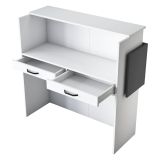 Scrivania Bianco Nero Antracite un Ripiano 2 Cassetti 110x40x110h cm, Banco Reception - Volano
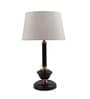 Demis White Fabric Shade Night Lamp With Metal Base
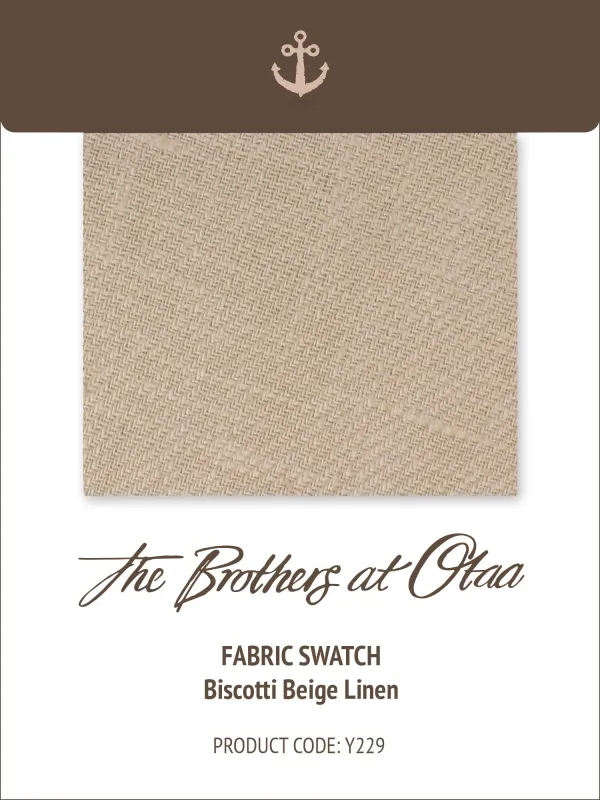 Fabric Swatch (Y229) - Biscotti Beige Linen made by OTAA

##############################

• _Problem statement_
Go through the listing above and write it out again exactly, dropping the pictures.

• _Solved exercise_
 Scrivania Bianco Nero Antracite un Ripiano 2 Cassetti 110x40x110h cm, Banco Reception - Volano
 Demis White Fabric Shade Night Lamp With Metal Base
 Fabric Swatch (Y229) - Biscotti Beige Linen made by OTAA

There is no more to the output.